Boy, how would that be?  I live in a machinery desert here and what little used equipment there is, is freakin' huge and worn out.

Mike.


----------



## nickmckinney (Aug 1, 2014)

zmotorsports said:


> Boy, how would that be?  I live in a machinery desert here and what little used equipment there is, is freakin' huge and worn out.
> 
> Mike.




Mike here is the classic local example, its a bit over the OP budget at $3K though :whistle:





I have a very nice, and well maintained Acra Mill milling machine.  Recently cleaned and inspected. Hi-lo settings, and lots of tooling  included. Serial no 502562, 2hp motor, Heidenhain digital readout, power feed on x axis, Pyh vice, Delivery and rigging available, Also can load to your truck with forklift for no extra charge.

http://tampa.craigslist.org/pnl/tls/4537209503.html


----------



## Bd180 (Aug 1, 2014)

Tmarks that's the info I was looking for, charter oak is the only place to buy the IH size mill thank you.


Zmotorsports I just moved from southern New Mexico, I know how you feel you should see all the machinery sitting outside at a af base near white sands that they won't sell local.


nick I will check out that machine in the next few days, there is a Cincinnati in largo also but haven't been able to id what type of tooling it uses.

thanks all


----------



## nickmckinney (Aug 1, 2014)

IMHO I would stay away from the Cincinnati unless you go there to test it yourself and tram it all out to see how much wear it has. Too many local machine suppliers want to paint a pile of junk. Not from the same place but my buddy recently bought a beautiful massive Gorton with a primo paint job and the spindle motor doesn't even work...................


----------



## Uglydog (Aug 2, 2014)

There are 12 proprietary Cincy Monoset Collets on the table. They are worth $25-$50 each used. $250 each to get hardinge reproductions. Did you see the DRO? That's if you want DRO. Note the power down feed problem.

Daryl
MN


----------



## tmarks11 (Aug 2, 2014)

nickmckinney said:


> ... bought a beautiful massive Gorton with a primo paint job and the spindle motor doesn't even work...................

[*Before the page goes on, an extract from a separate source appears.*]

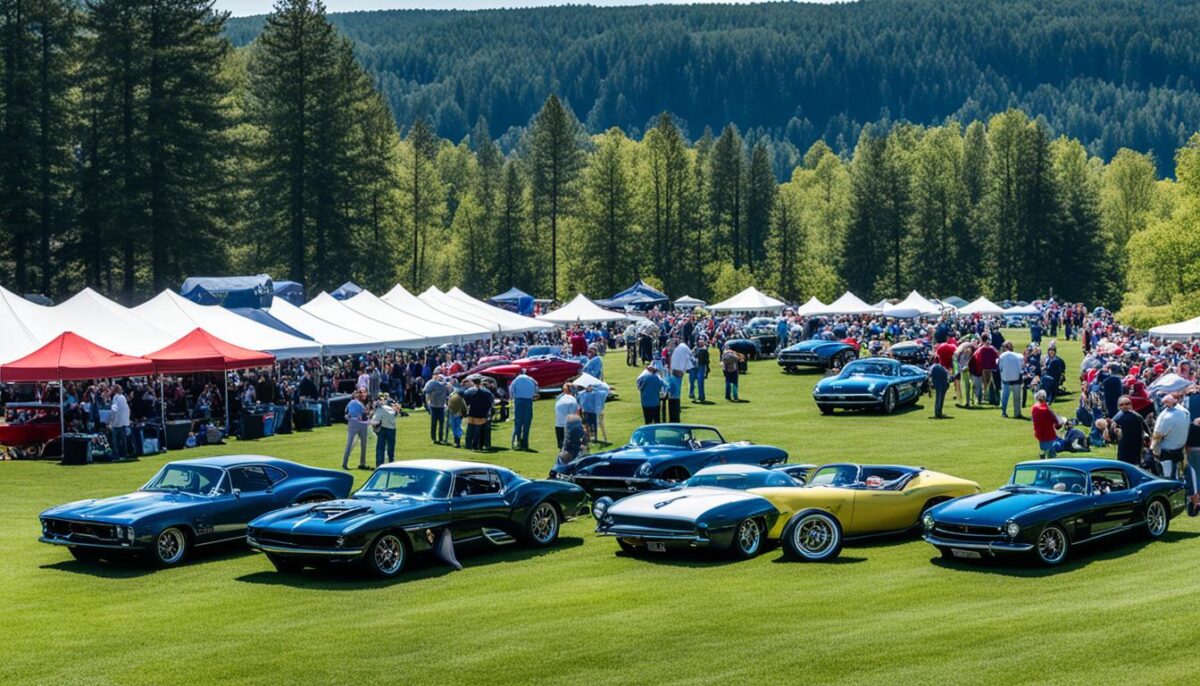 Ironstone Concours and its impact on community and automotive excellence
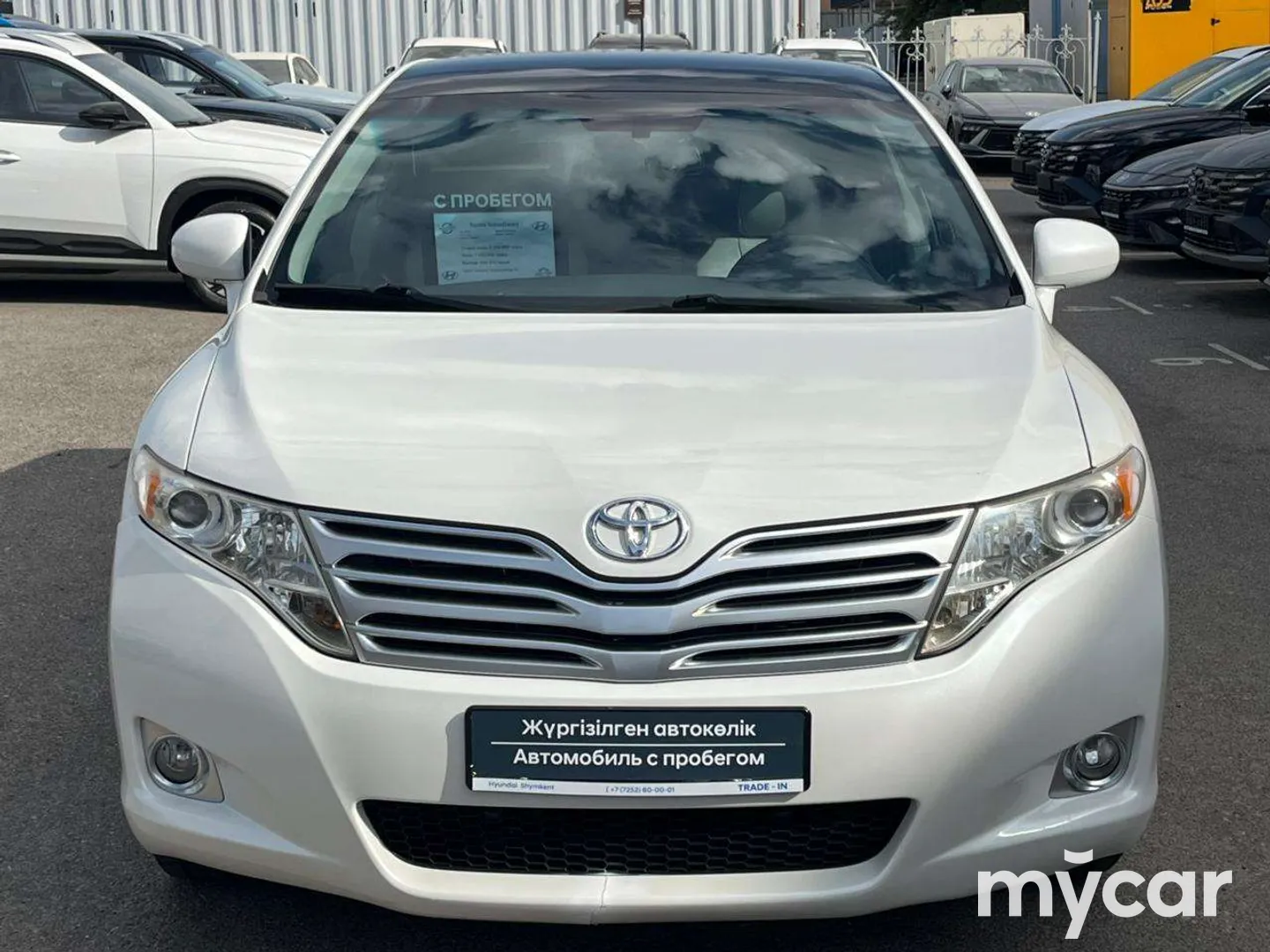 Toyota Venza, 2010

Shiny paint job generally means run away, in my book.  Unless you are buying straight from a reputable machine rebuilder.

I like zooming in on the ebay adds for this type of equipment, and noting the poor masking job around the label plates, painted over bolts, etc. $5 for a can of rustolium is not "owner refurbished", regardless of what they claim.

Back to the OP/OT:

Bill-

what kind of knee mill do you have, and why do you want to make the job to a bench top?


----------



## tmarks11 (Aug 5, 2014)

OK, here is the killer deal.

Enco has their RF45 clone on sale for Aug for $2195 (no surprise) but with free shipping ($400 savings there).

They are running a 30% sale (no exclusions), coupon code: 84THR (this coupon says it expires on 8/4 at 11:00 pm, but like many enco sales works for an extra day after that).

Grand total:$1536.50.

That is like what the machines sold for in 2006.


----------